Saturday, 12 October 2019

Northern Canada Summary

This trip was always going to be very exciting. It included just about everything I had wanted to see in Northern Canada, or had missed in the past. When I went through the edge of the Yukon in 2016, I couldn’t see the Top of the World Highway  or the Dempster Highway (the ferries weren’t open because there was still ice in the waterways). As a result, I couldn’t see much of the Yukon in that trip. Most Canadian parks had been shut. The Icefields Parkway (Lake Louise to Jasper) was a whiteout. I’d never been to the North West Territories or Nunavut, Hudson Bay or Baffin Island, the Arctic Ocean... The major fossil sites in Alberta (the Burgess Shale and the dinosaur sites).

We decided to get a travel agent involved when we couldn’t find a way to get to Nahanni and Victoria Falls, and she found the tour we did there, and booked our stay in Nunavut as well. We went kayaking with icebergs and with beluga whales because she had booked these tours. Perhaps we would have done these things on our own, but possibly not. She also organised our flights. We organised almost everything else ourselves.

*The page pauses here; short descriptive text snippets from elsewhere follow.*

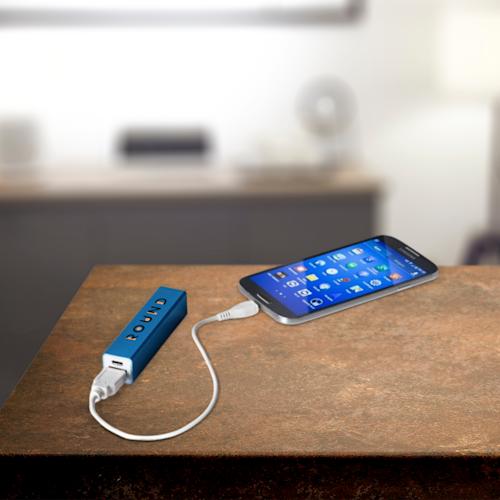 Volt 2200 mAh power bank PDP blue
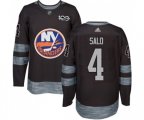 New York Islanders #4 Robin Salo Authentic Black 1917-2017 100th Anniversary NHL Jersey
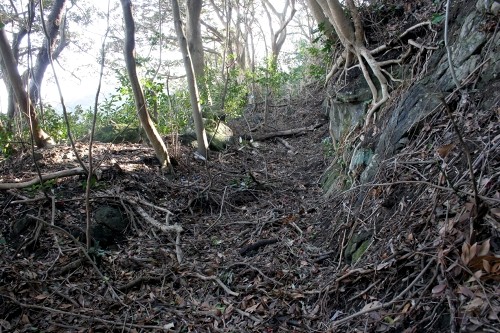 旧打越峠（旧房総往還） 荻生 富津市 千葉県
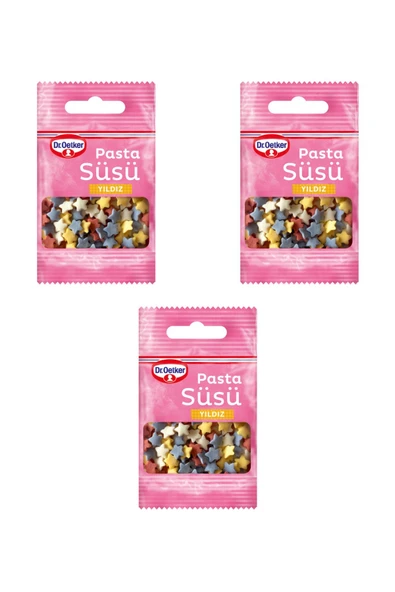 Dr. Oetker Pasta Süsü Yıldız 3'lü Set ürün görseli 1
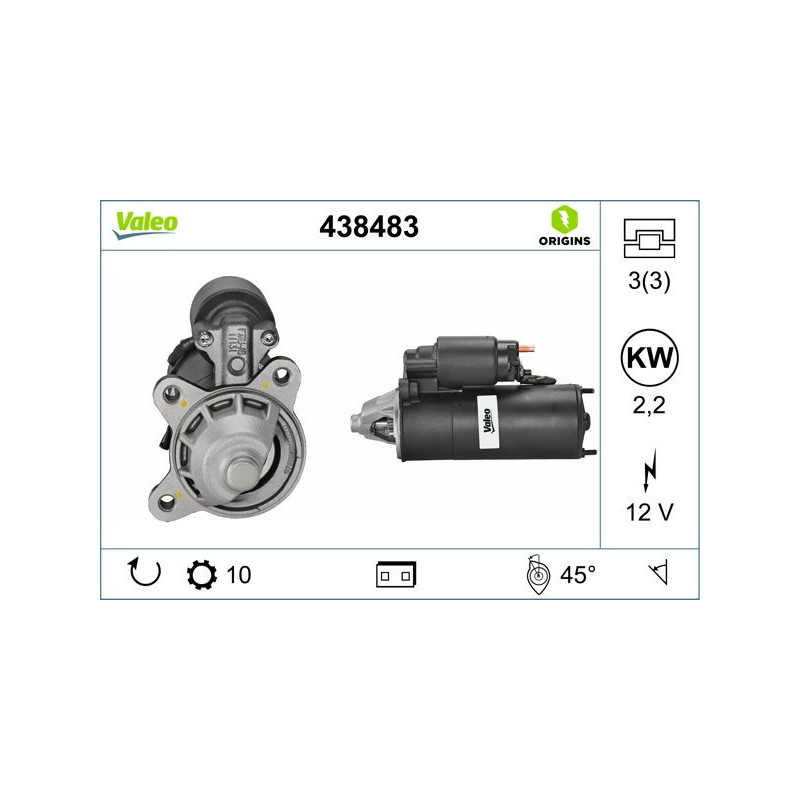 Motorino avviamento - VALEO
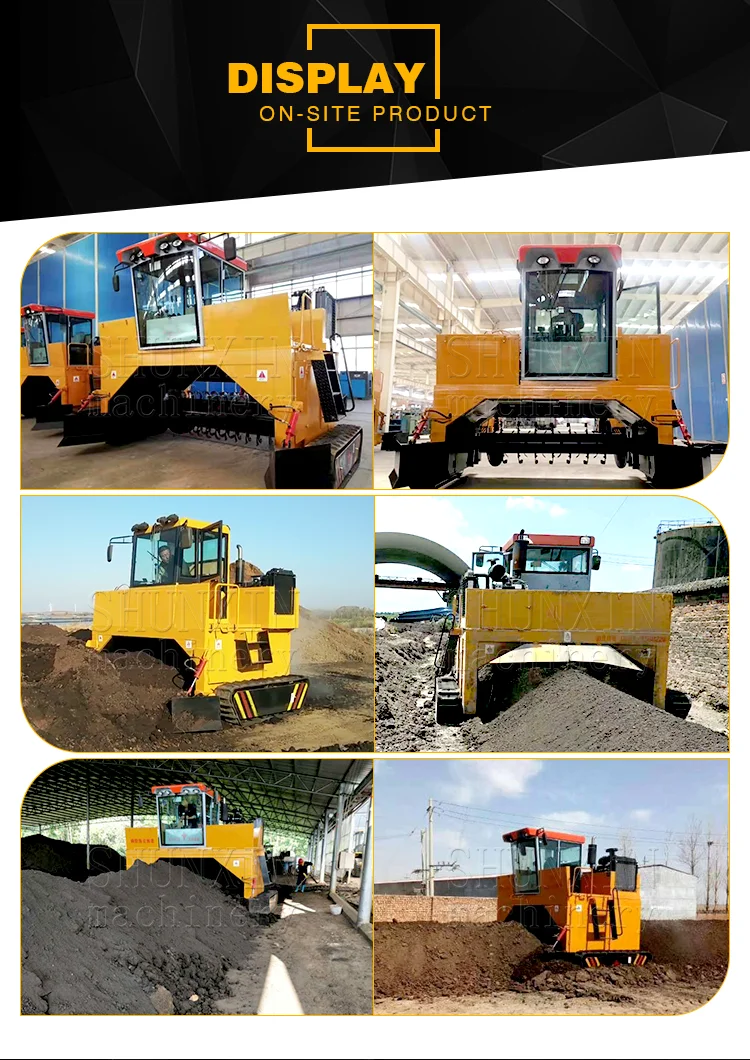 2025 Compost Windrow Turner Machine / Mushroom Compost Turner for Sale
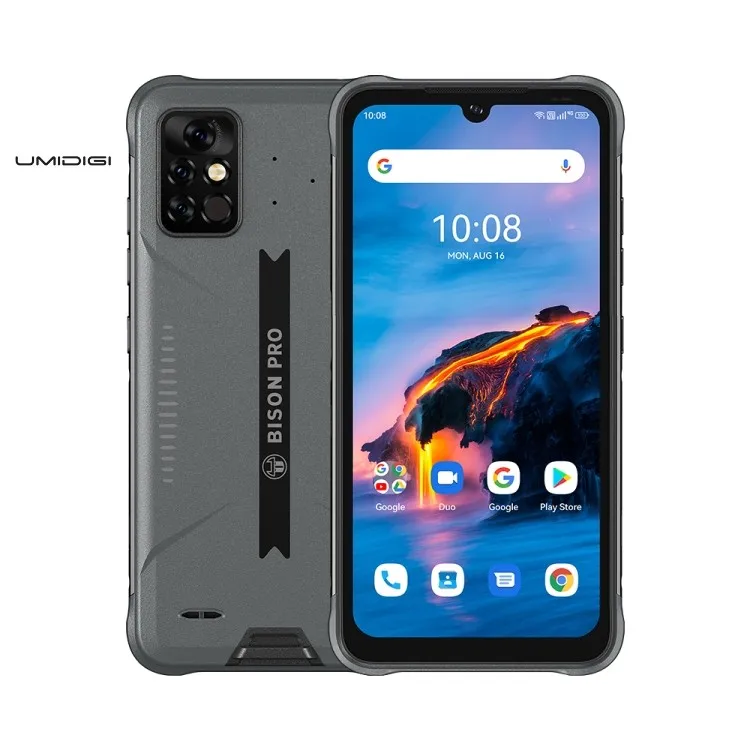 

New Design UMIDIGI BISON Pro Rugged Phone, 48MP Camera, 8GB+128GB smart phone Cellphone mobile phones bison pro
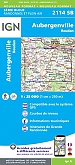 Topografische Wandelkaart van Frankrijk 2114SB - Aubergenville / Houdan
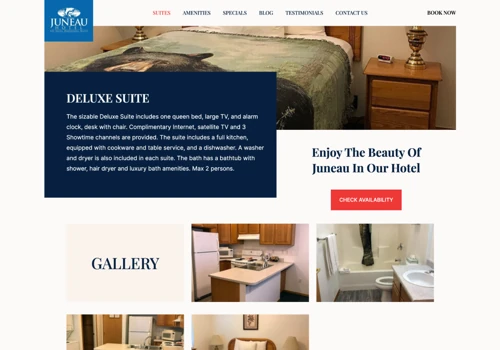 Juneau Hotel Website, SEO, and Content Marketing
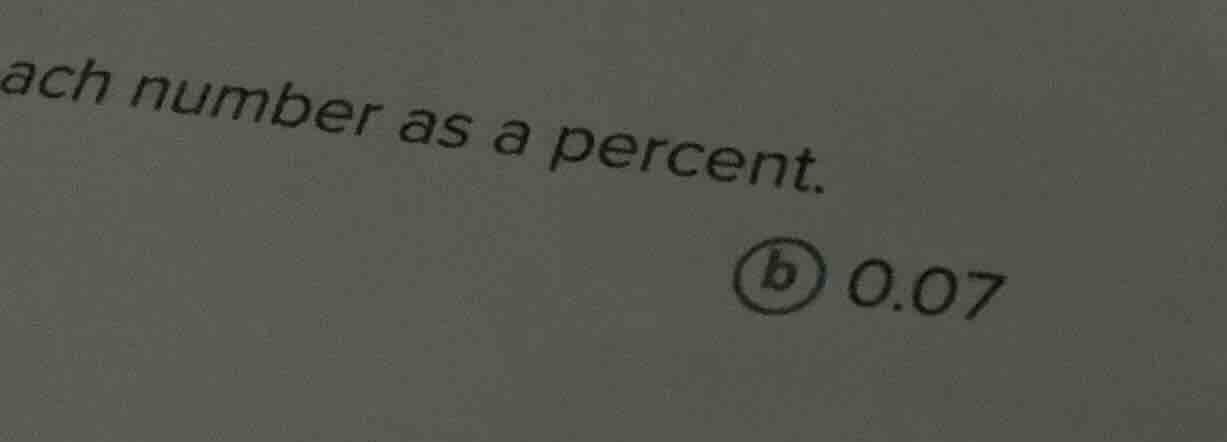ach number as a percent. b 0.07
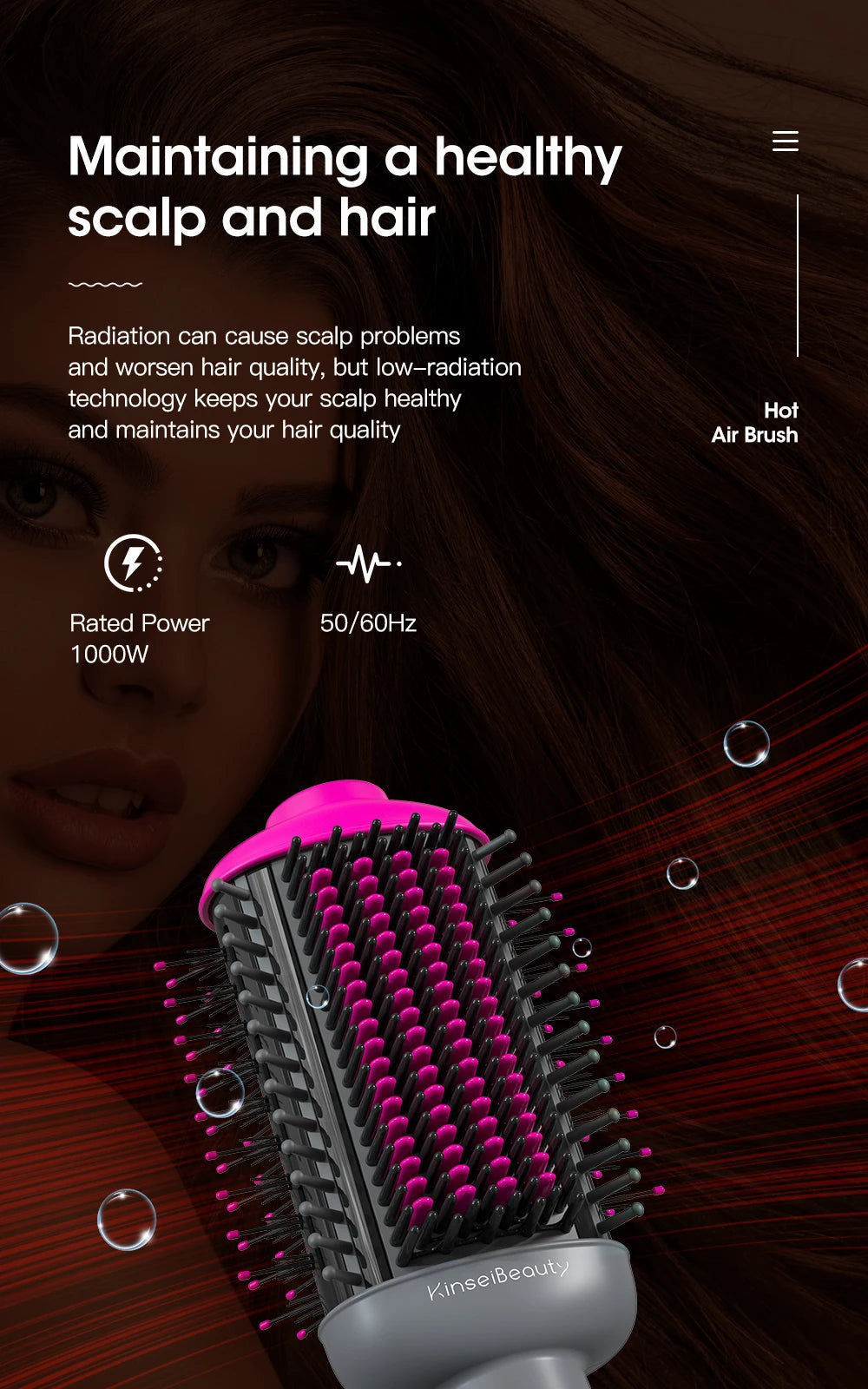 KinseiBeauty 5 In 1 Hot Air Comb Dryer - Smarsty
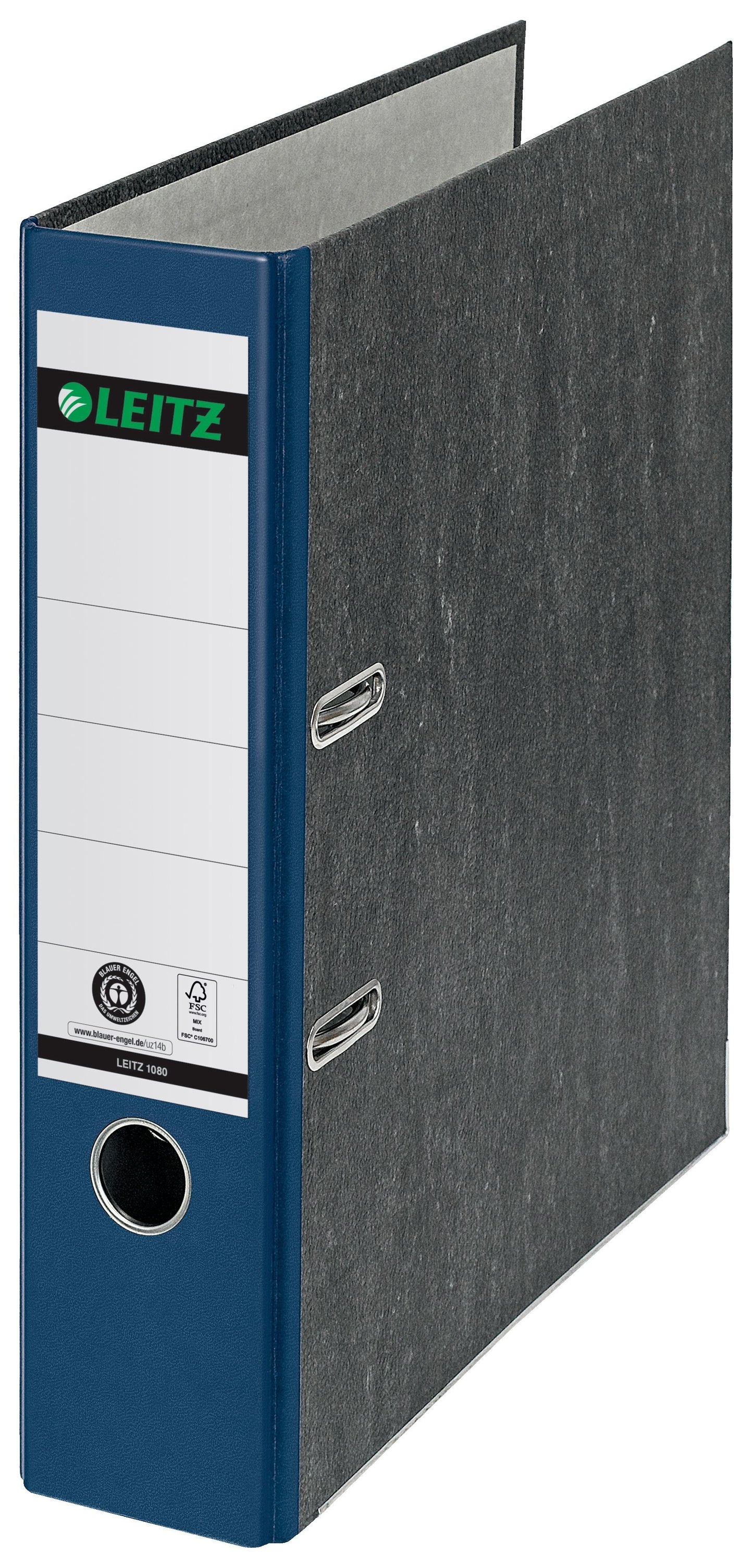 Leitz 1080 180° Ordner 80mm Karton in Blauw, 600 Vel Capaciteit - 2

It was great staying with friends, meeting indigenous people and going on tours of closed sections of world Heritage areas with park rangers. It was fun doing a variety of things, using different forms of transport, and seeing what we did. It gave us a feel for just how big northern Canada is. We had a wonderful time together, and it was great having a travel companion (especially an excellent one).

While there were highlights that we have pointed out to many people, the whole trip was a highlight. There wasn’t anything that stood out as being better than everything else. Yes, we probably did a lot of things that are on people’s bucket lists, but that isn’t the purpose of a trip. We just had a thoroughly wonderful time.